Wie viele ungeborene Leben werden weiterhin noch sterben müssen, bis Rom sein Versagen einsieht und die täglich wachsende Schuld erkennt? Sie sollten sich der Verantwortung nicht entziehen, sondern einmal hochrechnen, an wie vielen Tötungen ungeborener Leben Sie persönlich vielleicht große Mitschuld tragen könnten? Man spricht in Rom viel vom Schutz des werdenden Leben, was aber nur Worthülsen zu sein scheinen. Ich wiederhole mich und muß es noch einmal sagen. Meiner bescheidenen Meinung nach opfert Rom aus reiner Prinzipienreiterei massenweise ungeborene Leben. Herr Kardinal, wollen Sie nicht wieder mit den Füßen auf den Boden kommen und einsehen, daß dies eine unverantwortliche Katastrophe und schreckliche Tatsache ist? Auch wenn Ihr es nicht wahrhaben wollt— der Heilige Geist scheint in diesem Fall Limburg näher zu sein als Rom.

Herr Kardinal ich muß noch eins drauf setzen. Können Sie, wenn Sie noch wirklich fest an Gott glauben, sich nicht vorstellen, einmal für jede Tötung zur Rechenschaft gezogen zu werden, die Sie leichtfertig dadurch verschuldet haben, daß Sie Ihren deutschen Bischofskollegen sichere Rettungsversuche nach ihrem eigenen Gewissen verboten haben? Eine Gewissensfrage, der sich auch ein Kardinal, der sich vielleicht als rechte Hand des Papstes sieht, nicht entziehen kann.

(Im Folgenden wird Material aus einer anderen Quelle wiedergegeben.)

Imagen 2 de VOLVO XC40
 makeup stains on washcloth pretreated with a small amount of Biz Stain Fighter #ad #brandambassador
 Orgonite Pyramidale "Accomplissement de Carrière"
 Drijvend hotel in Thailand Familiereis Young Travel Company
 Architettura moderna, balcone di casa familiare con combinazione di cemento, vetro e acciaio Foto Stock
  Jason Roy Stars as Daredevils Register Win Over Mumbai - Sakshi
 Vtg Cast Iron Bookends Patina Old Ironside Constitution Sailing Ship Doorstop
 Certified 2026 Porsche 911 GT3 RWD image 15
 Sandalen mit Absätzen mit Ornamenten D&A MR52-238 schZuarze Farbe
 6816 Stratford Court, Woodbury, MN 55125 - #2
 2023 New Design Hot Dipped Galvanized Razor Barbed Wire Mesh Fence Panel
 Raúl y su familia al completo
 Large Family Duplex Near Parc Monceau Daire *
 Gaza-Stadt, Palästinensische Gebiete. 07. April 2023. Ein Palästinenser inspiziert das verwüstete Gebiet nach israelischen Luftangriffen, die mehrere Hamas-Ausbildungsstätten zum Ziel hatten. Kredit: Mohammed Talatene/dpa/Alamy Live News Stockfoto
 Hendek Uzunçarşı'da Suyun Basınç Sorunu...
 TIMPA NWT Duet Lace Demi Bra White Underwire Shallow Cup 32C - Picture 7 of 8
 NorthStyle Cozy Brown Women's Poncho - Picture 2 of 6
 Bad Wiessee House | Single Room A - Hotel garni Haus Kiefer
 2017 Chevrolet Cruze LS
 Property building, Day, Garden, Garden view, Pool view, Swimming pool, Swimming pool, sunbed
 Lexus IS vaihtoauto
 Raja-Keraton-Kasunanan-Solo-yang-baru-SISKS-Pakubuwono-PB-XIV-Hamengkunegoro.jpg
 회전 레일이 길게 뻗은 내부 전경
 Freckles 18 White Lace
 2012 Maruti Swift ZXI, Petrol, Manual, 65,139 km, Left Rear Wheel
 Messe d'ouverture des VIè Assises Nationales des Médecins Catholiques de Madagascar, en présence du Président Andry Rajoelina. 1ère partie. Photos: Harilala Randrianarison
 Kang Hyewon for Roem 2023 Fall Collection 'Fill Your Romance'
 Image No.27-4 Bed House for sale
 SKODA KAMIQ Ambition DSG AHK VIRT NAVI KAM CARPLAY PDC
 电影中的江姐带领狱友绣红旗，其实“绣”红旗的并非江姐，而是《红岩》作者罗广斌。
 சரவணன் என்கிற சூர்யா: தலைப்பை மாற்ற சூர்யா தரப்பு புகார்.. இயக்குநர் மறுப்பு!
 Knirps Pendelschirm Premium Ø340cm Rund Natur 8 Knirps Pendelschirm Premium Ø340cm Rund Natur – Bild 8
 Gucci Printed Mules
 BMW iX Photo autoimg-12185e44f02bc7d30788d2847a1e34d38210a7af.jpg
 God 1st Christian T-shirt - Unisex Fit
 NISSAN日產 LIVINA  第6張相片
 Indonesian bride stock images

Leider entsteht immer mehr der Eindruck, daß Rom immer kälter wird und nur noch mit eiserner Faust regieren will. Das Christliche scheint immer nebensächlicher zu werden. Immer mehr Christen wenden sich daher leider enttäuscht ab. Immer öfter wird man an das Buch des Theologen Peter de Rosa, mit dem Titel „Der Vatikan von Gott verlassen?“ erinnert. Das sollte zu denken geben. Dabei heißt es doch so schön: „Wo die Liebe ist, ist Güte, da ist Gott“. Wo spürt man in Rom noch Liebe, wo bleibt die Güte und wo bleibt Gott. Sie sollten einmal darüber nachdenken.

Zum Schluß ein Rat eines einfachen Christen. Werdet wieder bescheidener und brüderlicher in Rom. Vielleicht solltet Ihr Euch überwinden und in vieler Hinsicht den frommen, schlichten Gottesmann Kamphaus als Vorbild nehmen. Er wirkt wesentlich glaubwürdiger als mancher, der sich selbst in die Nähe Gottes rückt.

Herr Kardinal, bitte sehen Sie es nicht als vermessen an, daß ich als einfacher Katholik und Kirchenmusiker, Ihnen diese klaren Worte schreibe. Unter Christen müssen auch heute noch deutliche Worte erlaubt sein. Es geht schließlich um den Nachlaß Christi und den Respekt vor dem Gewissen des einzelnen Menschen. Rom hat in der Sache Kamphaus äußerlich einen Sieg errungen. In Wirklichkeit ist aber der Glaubwürdigkeitsverlust Roms und des Papsttums weit größer als der vermeintliche Scheingewinn.